● **Exercise details**: The listing is to be transcribed in full, with its images left out.

● **The data**:
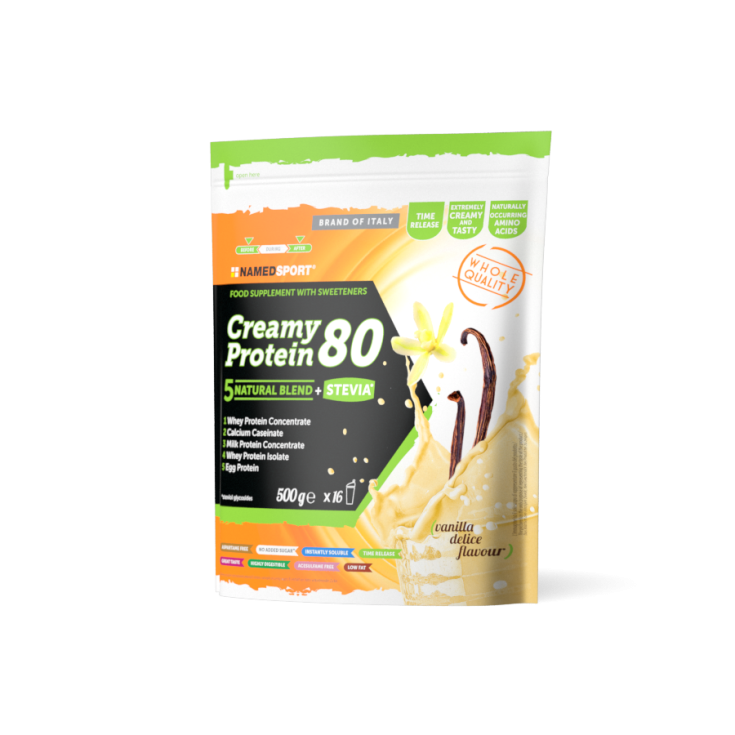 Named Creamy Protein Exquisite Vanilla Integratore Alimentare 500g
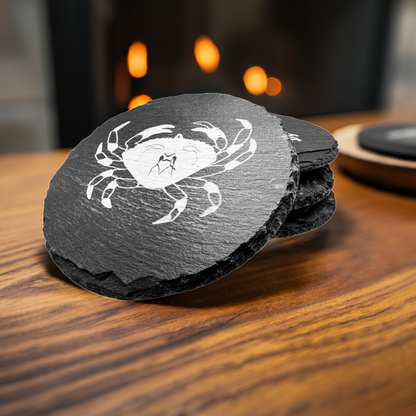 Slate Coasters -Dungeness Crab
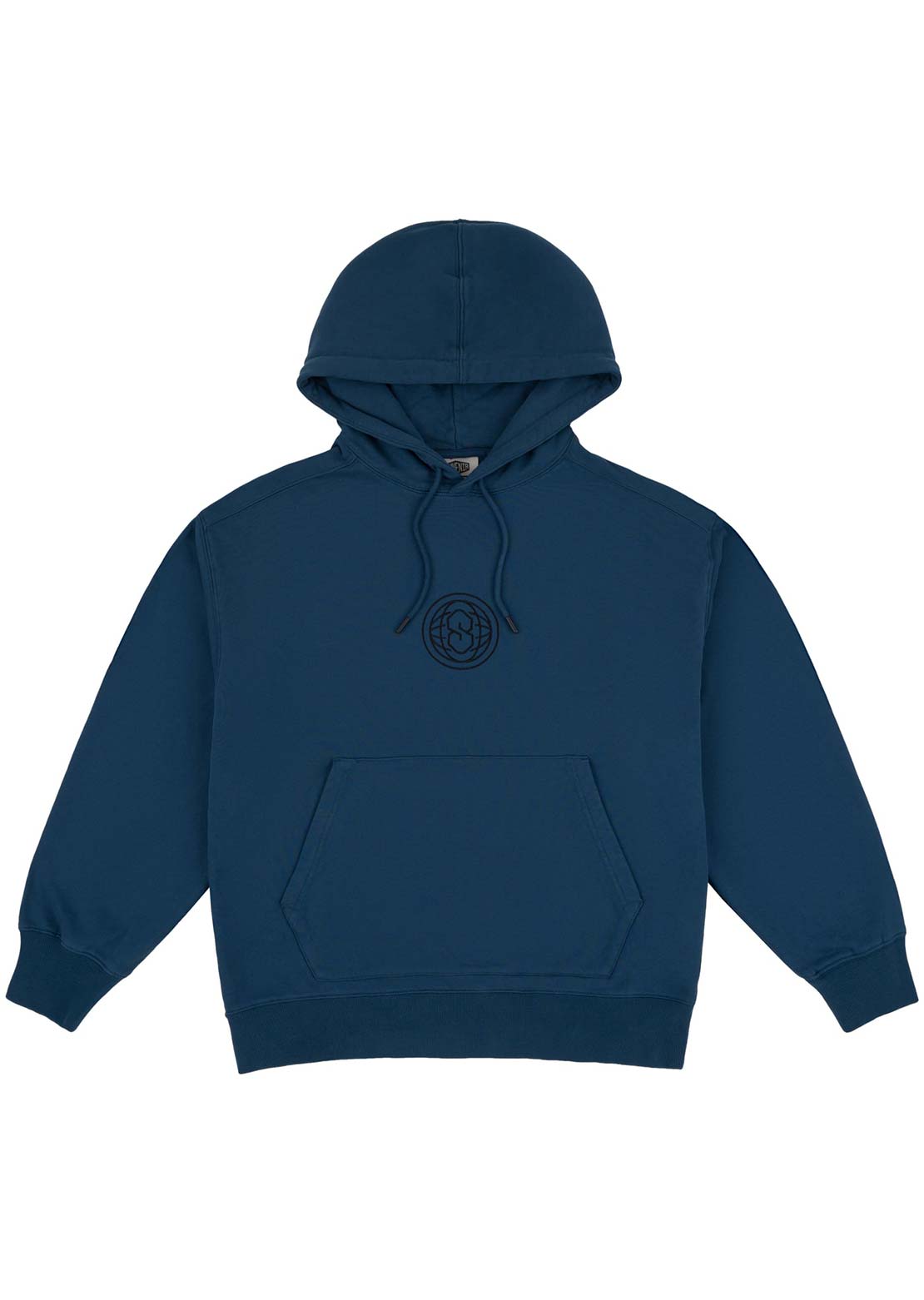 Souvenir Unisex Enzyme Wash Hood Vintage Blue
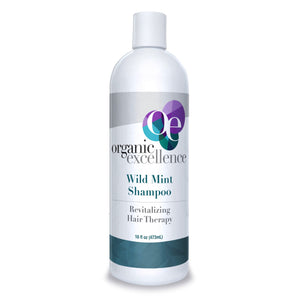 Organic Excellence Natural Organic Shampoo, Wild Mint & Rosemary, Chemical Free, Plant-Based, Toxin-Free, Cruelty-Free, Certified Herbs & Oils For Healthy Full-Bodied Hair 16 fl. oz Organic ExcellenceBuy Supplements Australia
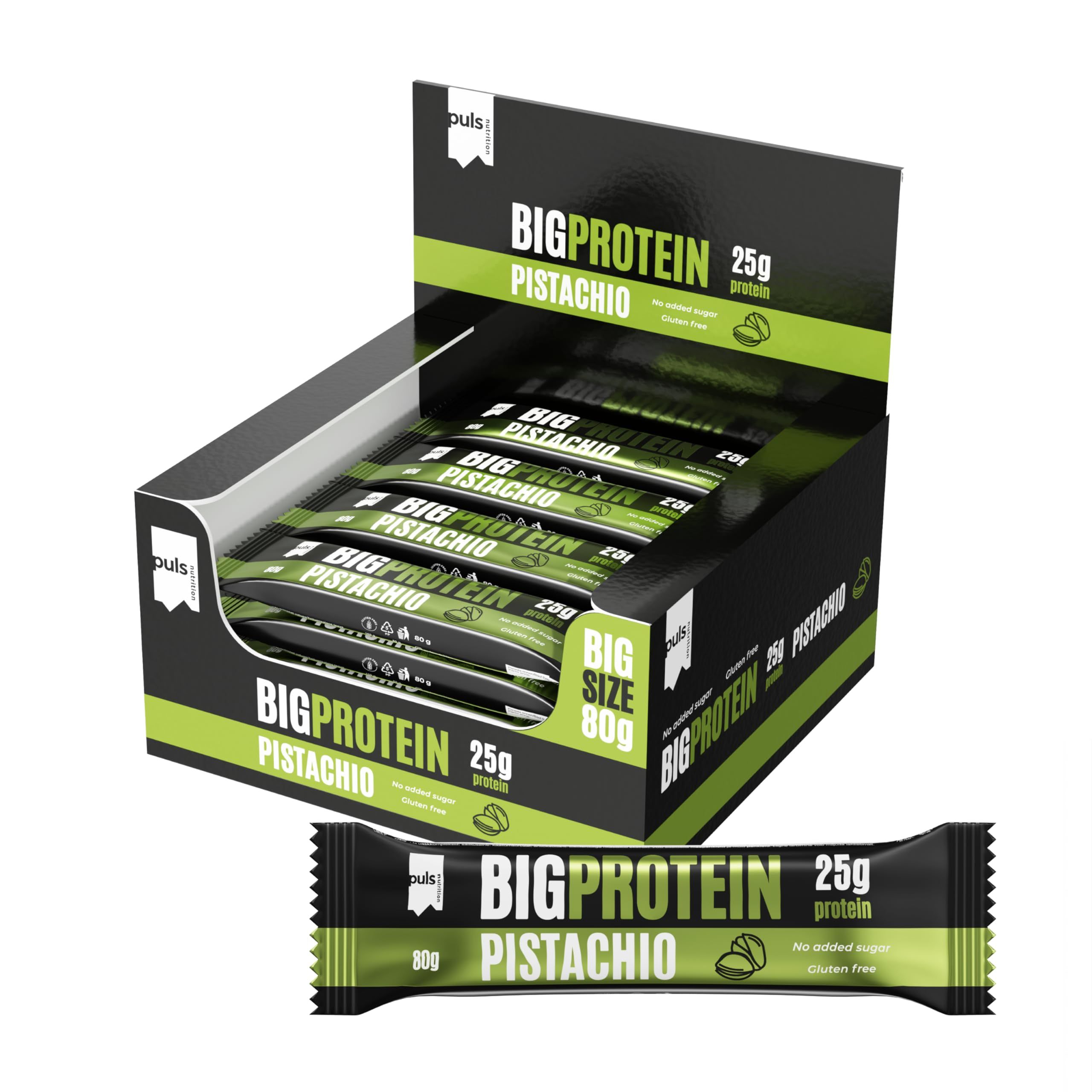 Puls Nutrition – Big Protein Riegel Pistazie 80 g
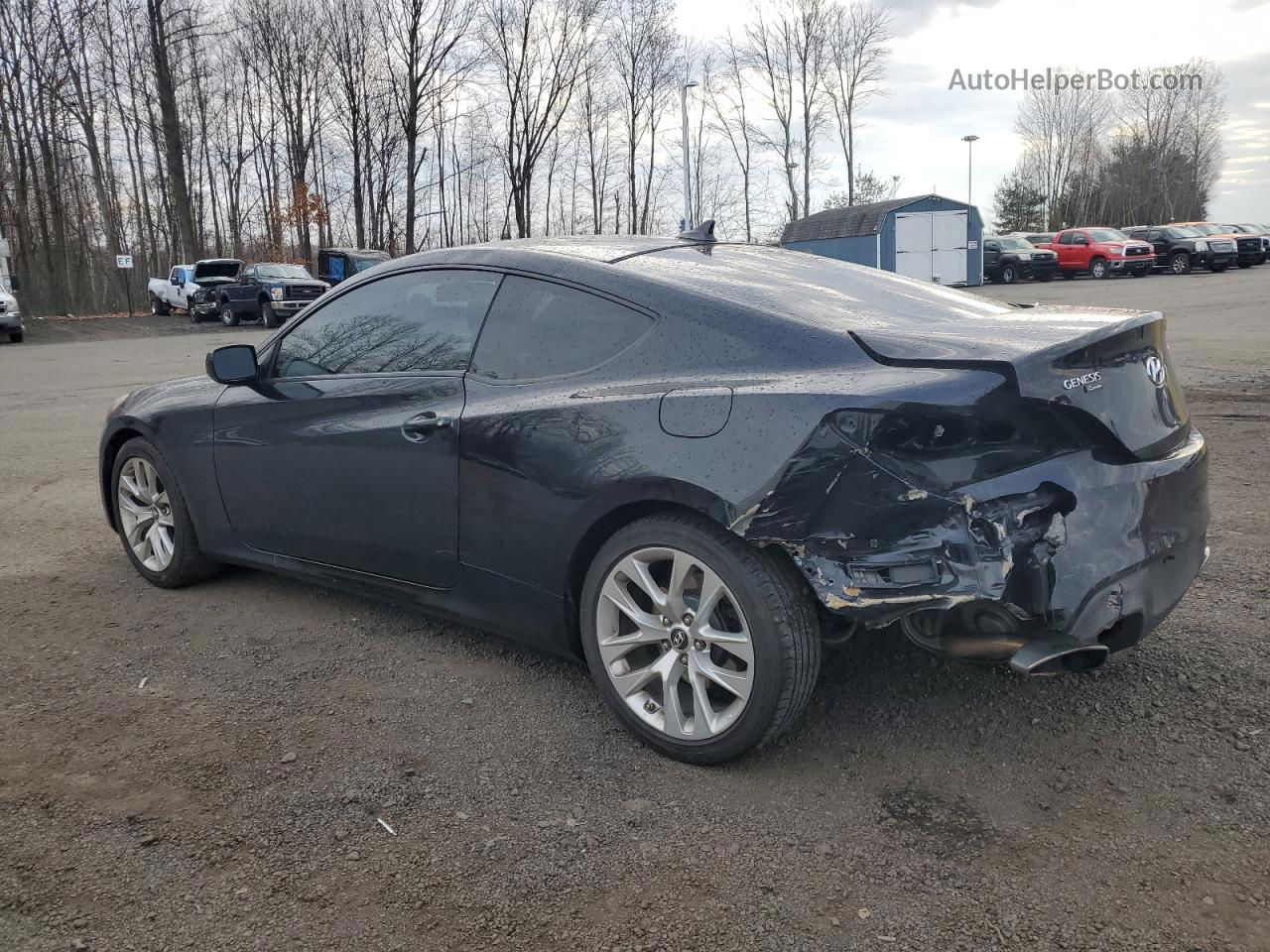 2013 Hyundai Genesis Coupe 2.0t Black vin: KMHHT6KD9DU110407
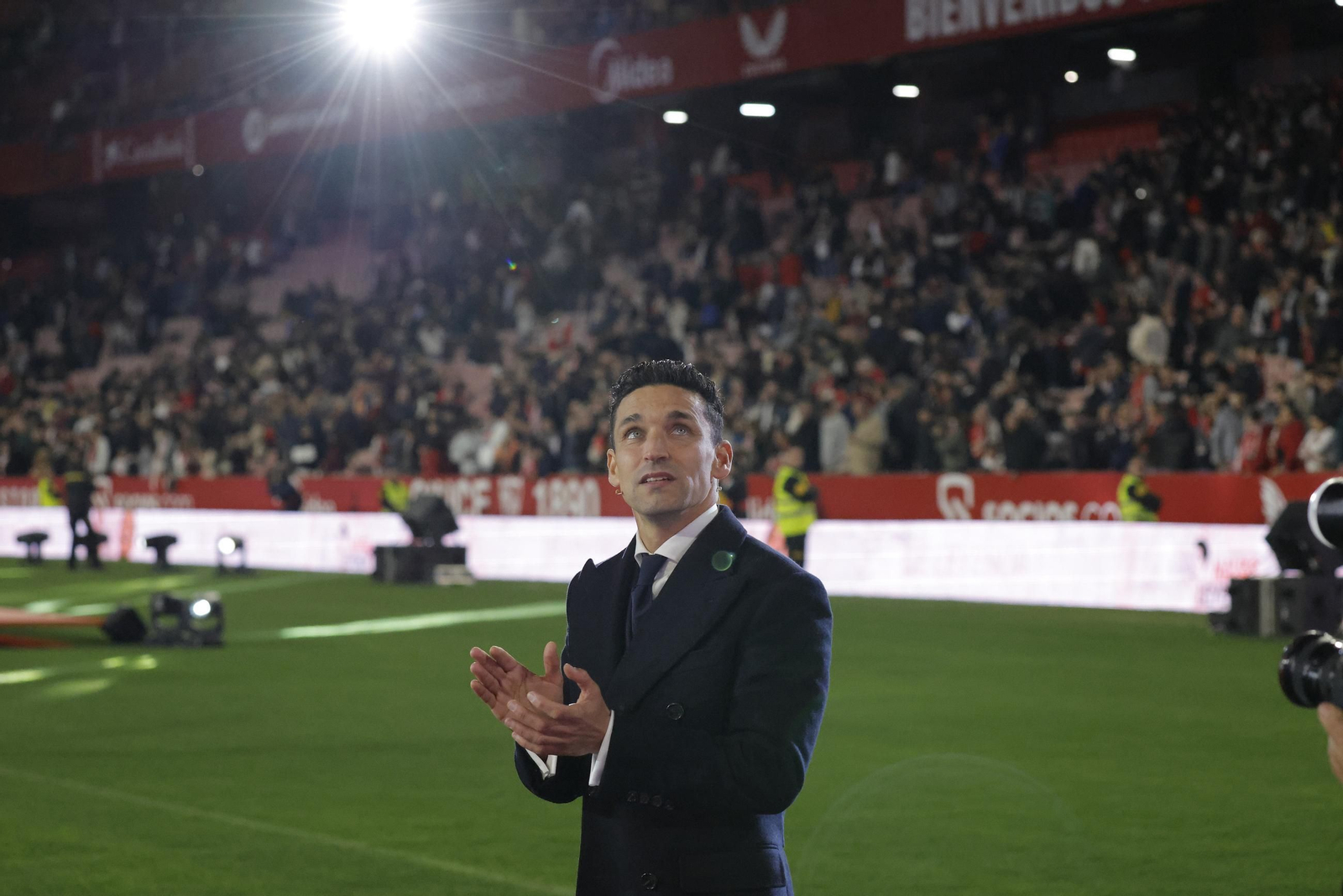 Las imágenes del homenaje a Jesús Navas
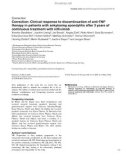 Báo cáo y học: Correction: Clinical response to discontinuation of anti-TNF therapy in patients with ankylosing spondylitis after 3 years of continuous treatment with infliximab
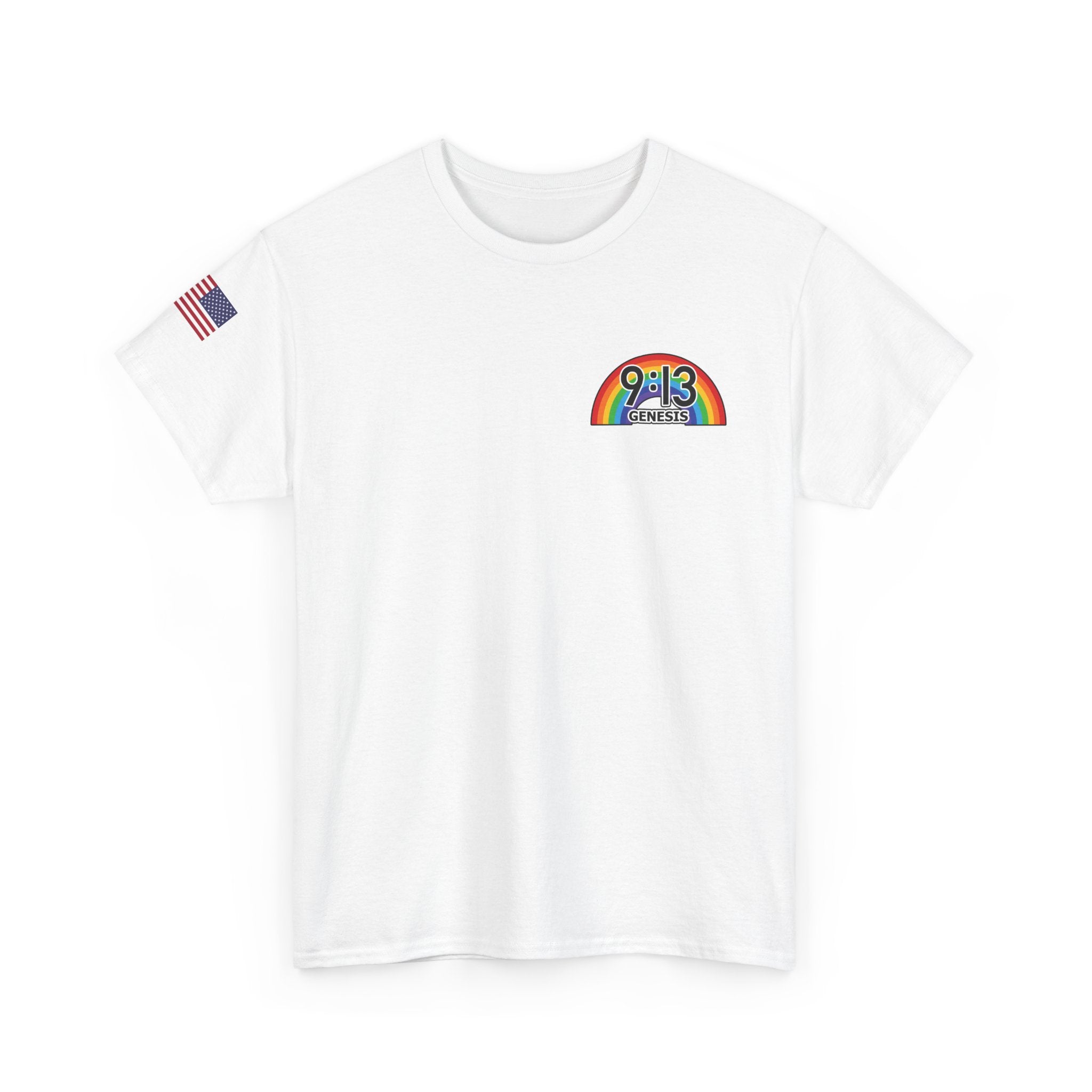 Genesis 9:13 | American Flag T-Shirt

● **Task answer**:
 Named Creamy Protein Exquisite Vanilla Integratore Alimentare 500g
 Slate Coasters -Dungeness Crab
 Souvenir Unisex Enzyme Wash Hood Vintage Blue
 Organic Excellence Natural Organic Shampoo, Wild Mint & Rosemary, Chemical Free, Plant-Based, Toxin-Free, Cruelty-Free, Certified Herbs & Oils For Healthy Full-Bodied Hair 16 fl. oz Organic ExcellenceBuy Supplements Australia
 Puls Nutrition – Big Protein Riegel Pistazie 80 g
 2013 Hyundai Genesis Coupe 2.0t Black vin: KMHHT6KD9DU110407
 Las imágenes del homenaje a Jesús Navas
 Báo cáo y học: Correction: Clinical response to discontinuation of anti-TNF therapy in patients with ankylosing spondylitis after 3 years of continuous treatment with infliximab
 Genesis 9:13 | American Flag T-Shirt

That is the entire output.